Task goal » Every entry, from first to last, must be written out exactly.

Data for this exercise »
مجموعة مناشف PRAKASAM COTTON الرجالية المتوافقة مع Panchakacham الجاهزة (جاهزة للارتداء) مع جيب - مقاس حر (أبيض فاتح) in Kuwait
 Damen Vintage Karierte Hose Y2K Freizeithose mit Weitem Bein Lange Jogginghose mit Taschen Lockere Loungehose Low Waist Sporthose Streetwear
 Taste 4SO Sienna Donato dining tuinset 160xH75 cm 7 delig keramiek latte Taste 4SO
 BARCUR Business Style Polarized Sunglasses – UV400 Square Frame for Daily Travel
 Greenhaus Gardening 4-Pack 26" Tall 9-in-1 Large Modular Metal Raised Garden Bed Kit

Task response »
مجموعة مناشف PRAKASAM COTTON الرجالية المتوافقة مع Panchakacham الجاهزة (جاهزة للارتداء) مع جيب - مقاس حر (أبيض فاتح) in Kuwait
 Damen Vintage Karierte Hose Y2K Freizeithose mit Weitem Bein Lange Jogginghose mit Taschen Lockere Loungehose Low Waist Sporthose Streetwear
 Taste 4SO Sienna Donato dining tuinset 160xH75 cm 7 delig keramiek latte Taste 4SO
 BARCUR Business Style Polarized Sunglasses – UV400 Square Frame for Daily Travel
 Greenhaus Gardening 4-Pack 26" Tall 9-in-1 Large Modular Metal Raised Garden Bed Kit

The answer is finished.